# Why cant they leave me alone!!



## kellyrich (Jan 8, 2009)

I dont think i have ever had two stressful days as bad as yesterday and now today again!!

On that other forum my thread about Barney and Dexie was supposed to have now closed as the moderator thought it was getting a bit nasty and now i just got an email saying there was another post from somebody having a go again!! Will they ever stop and just leave me alone!! They had me in tears yesterday and now i feel likek it again! Cant they see that i wouldnt be doing it if i didnt have to!! I dont want another dead bunny on my hands!! :cryin::cryin::nono:

Sorry i had to have a rant cos they are all driving me in sane!! Nasty people!! This forum is sooo nice compared to that one!


----------



## BeatrixPotter (Apr 3, 2009)

Sorry to hear that.

I did read the thread on the other forum and thought they were all very harsh.

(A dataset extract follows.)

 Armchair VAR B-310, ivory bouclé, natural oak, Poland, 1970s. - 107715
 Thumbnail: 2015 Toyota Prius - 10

Just stay here with us where its nice and safe.


----------



## frags (Feb 5, 2009)

tell them all to go suck eggs and then mail moderator and tell him you want the thread gone!!!


----------



## kellyrich (Jan 8, 2009)

Yeah im gonna email her and ask her if shes about xx


----------



## mimi g (Mar 10, 2009)

You want me to go round and punch them for you.........ill take my rottweiler dwarf lop Norman to nibble theirs toes!! x


----------



## kellyrich (Jan 8, 2009)

mimi g said:


> You want me to go round and punch them for you.........ill take my rottweiler dwarf lop Norman to nibble theirs toes!! x


He he go Norm!!


----------



## Daphne&Peanut (Apr 28, 2009)

Hi Kelly 

I took your advice and joined this forum, I haven't been back on the other forum to look at your thread but I can guess what was being said, I'd just ignore them this forum seems alot more helpful and supportive.

Tamsin x


----------



## frags (Feb 5, 2009)

mimi g said:


> You want me to go round and punch them for you.........ill take my rottweiler dwarf lop Norman to nibble theirs toes!! x


PMSL that made me crack up!!!
il take lily round too set some of her hormones on them


----------



## kellyrich (Jan 8, 2009)

Daphne&Peanut said:


> Hi Kelly
> 
> I took your advice and joined this forum, I haven't been back on the other forum to look at your thread but I can guess what was being said, I'd just ignore them this forum seems alot more helpful and supportive.
> 
> Tamsin x


Hi ya Tasmin!!

Great stuff! Im sure you will love it on here everybody is nice and friendly, but try and avoid Frags Umber and Mimi-g!!

HA HA ONLY JOKING!!


----------



## Guinevere13 (Mar 31, 2008)

Did they give you any suggestions or advice? Or did anyone offer to take your bunnies? I bet they didn't. Just ignore them, there are always people around who would prefer to kick a person when they are down as they are too cowardly to do it any other time. 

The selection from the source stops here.